その事から、やはり私とジュンは入れ替わっていると確信出来た。
ついでと言ってはなんだけど、辺境伯様は白天騎士団とは別の戦場で活躍してるらしい。
そしてこの入れ替わりの状態について、わかった事がいくつかある。
先ず一つ。
私とジュンは経験値を共有してるらしい。
経験値…LVを上げるのに必要な物。
実戦や模擬戦。鍛錬や勉強等でも獲得出来る。
ある朝、何となくステータスをチェックすると特に何もしてないのにLVが上がってた。
そして翌日も上がってた。
アビリティのLVもだ。
私は未だに駄メイドのメリーアンに着けられた魔封じの腕輪を着けたままだ。
にも関わらず全魔法のLVが上がっていた。
これはジュンが戦場で魔法を使ってるから、で間違い無いだろう。
二つ目。
これは賊を始末した時からわかってたことだが、今の私…ジュンになった私でも、私のアビリティや称号の恩恵を使えるという事。
あの時、ジュンの剣術LVは2だった。
だけどLV7で獲得出来るスキル「クリエイトソード」を使用出来たのは私の「アビリティリンク」の効果だろう。

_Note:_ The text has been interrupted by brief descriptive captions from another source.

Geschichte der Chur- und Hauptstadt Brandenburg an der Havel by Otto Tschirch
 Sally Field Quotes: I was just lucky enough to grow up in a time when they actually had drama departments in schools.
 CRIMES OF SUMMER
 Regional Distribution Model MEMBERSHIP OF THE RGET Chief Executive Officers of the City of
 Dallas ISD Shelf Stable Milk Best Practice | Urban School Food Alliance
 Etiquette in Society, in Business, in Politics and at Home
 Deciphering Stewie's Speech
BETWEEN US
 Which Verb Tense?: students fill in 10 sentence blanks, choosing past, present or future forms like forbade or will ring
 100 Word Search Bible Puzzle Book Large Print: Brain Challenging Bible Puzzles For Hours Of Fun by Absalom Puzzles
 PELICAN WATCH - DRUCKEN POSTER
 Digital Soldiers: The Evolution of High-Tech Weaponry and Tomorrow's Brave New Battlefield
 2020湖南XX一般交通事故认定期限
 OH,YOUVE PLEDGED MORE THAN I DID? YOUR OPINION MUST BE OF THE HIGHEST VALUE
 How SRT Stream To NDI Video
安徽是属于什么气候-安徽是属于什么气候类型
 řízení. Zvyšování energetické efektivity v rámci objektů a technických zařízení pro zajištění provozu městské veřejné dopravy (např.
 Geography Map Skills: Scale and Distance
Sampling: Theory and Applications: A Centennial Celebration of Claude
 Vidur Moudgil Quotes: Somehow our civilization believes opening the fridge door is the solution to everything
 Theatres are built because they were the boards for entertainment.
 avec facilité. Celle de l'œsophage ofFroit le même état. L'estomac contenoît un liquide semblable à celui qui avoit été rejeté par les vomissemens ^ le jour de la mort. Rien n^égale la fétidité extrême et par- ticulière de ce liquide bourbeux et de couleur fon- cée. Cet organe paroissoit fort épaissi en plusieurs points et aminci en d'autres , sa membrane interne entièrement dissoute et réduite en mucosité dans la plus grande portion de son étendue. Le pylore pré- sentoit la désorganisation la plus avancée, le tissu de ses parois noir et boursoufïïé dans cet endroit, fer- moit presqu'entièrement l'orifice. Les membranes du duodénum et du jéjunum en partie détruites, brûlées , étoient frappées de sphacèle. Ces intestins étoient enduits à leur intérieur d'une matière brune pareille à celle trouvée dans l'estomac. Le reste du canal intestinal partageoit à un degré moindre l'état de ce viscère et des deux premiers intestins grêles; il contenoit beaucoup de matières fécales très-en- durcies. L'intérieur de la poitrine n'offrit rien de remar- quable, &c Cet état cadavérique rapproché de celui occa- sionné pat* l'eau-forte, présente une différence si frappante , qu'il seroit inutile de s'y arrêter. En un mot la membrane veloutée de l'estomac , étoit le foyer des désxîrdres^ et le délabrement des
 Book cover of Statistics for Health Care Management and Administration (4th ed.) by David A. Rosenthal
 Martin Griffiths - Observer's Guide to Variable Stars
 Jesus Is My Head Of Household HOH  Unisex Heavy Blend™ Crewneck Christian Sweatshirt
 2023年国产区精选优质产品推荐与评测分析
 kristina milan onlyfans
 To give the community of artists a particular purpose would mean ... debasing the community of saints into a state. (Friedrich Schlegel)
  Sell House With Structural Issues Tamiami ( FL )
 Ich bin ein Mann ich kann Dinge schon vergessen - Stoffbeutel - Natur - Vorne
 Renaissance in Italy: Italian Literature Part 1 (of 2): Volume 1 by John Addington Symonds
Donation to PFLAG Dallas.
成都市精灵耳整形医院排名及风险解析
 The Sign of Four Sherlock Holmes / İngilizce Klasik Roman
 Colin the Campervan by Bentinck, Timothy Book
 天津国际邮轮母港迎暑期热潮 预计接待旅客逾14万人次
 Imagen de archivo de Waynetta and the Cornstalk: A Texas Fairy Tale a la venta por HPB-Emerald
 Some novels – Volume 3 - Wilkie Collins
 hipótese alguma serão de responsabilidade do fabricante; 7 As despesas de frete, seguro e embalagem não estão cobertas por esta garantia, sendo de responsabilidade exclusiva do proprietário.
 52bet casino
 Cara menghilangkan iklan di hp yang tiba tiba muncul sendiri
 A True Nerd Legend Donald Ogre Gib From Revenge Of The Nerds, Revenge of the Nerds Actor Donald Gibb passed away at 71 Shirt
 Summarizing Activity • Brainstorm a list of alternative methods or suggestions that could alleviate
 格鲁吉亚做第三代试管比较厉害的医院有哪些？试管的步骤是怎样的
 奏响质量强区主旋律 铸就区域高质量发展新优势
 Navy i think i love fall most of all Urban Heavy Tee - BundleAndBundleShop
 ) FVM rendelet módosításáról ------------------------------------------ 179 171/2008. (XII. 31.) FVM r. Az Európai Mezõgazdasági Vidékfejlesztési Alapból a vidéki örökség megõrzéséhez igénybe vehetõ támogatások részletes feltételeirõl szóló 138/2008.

だから私の身体を使ってるジュンが魔法で活躍出来る訳だ。
三つ目。
グラウハウトにある図書館や城の書庫に入って調べたりしたけど、精神が入れ替わるようなアビリティは現在まで確認されていないという事。
ジュンの隠れアビリティはまだ隠れたままだから未だ詳細は不明。
私の「アビリティリンク」は過去に所持者がいたらしく、もの凄くレアな特殊アビリティだけど精神が入れ替わるような事例は無かったみたいだ。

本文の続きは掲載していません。